Gingiva thickness in guided tissue regeneration and associated recession at facial furcation defects.

Consistently successful regenerative therapy for furcation defects using membrane techniques remains a challenge for clinicians. The purpose of this study was to determine if the thickness of tissue used to cover the membrane influences postsurgery recession. Thirty-seven (37) moderate to advanced adult periodontitis patients presenting with at least one mandibular or maxillary molar class 1 or 2 facial furcation involvement participated in the study. Mid-facial presurgery recession was recorded from the cemento-enamel junction to the free gingival margin at a reproducible point.
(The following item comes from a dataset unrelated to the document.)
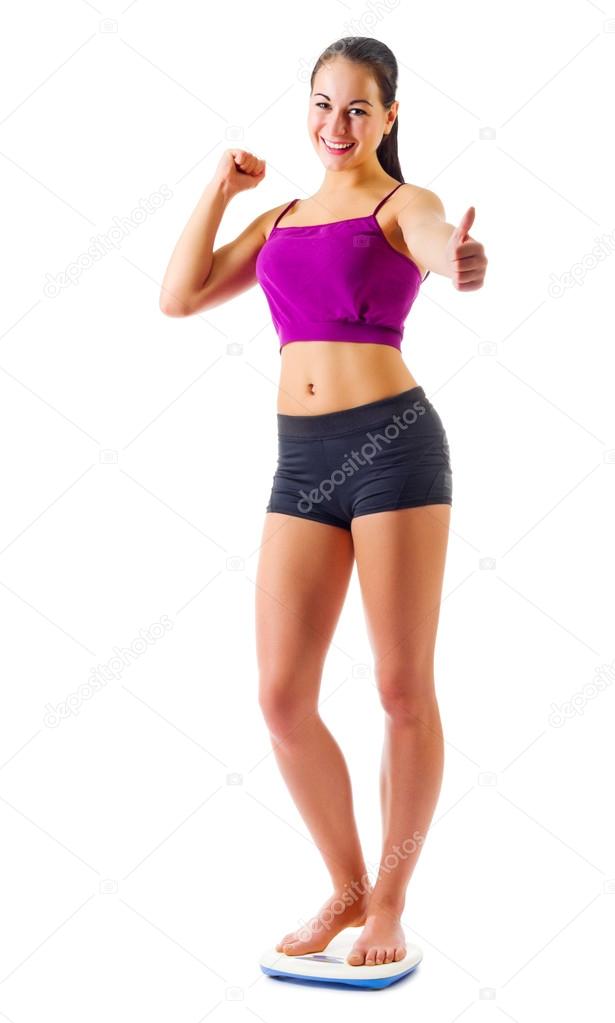 Young sporty girl on scales shows ok gesture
Mid-facial tissue thickness was measured using calipers at a point 5 mm apical to the gingival margin of the mucogingival flap reflected at the time of guided tissue regeneration surgery. Patients were divided into 2 groups based upon tissue thickness measurement. Patients were then re-evaluated for recession at 6 months postsurgery. Sixteen (16) patients with tissue thickness < or = 1 mm demonstrated a mean 2.1 mm increase in recession, while 21 patients with tissue thickness > 1 mm exhibited a mean 0.6 mm increase in recession. We conclude that there is less post-treatment recession (P < 0.01) for tissue thickness > 1 mm than tissue thickness < or = 1 mm. Hence, thickness of gingival tissue covering a membrane appears to be a factor to consider if post-treatment recession is to be minimized or avoided.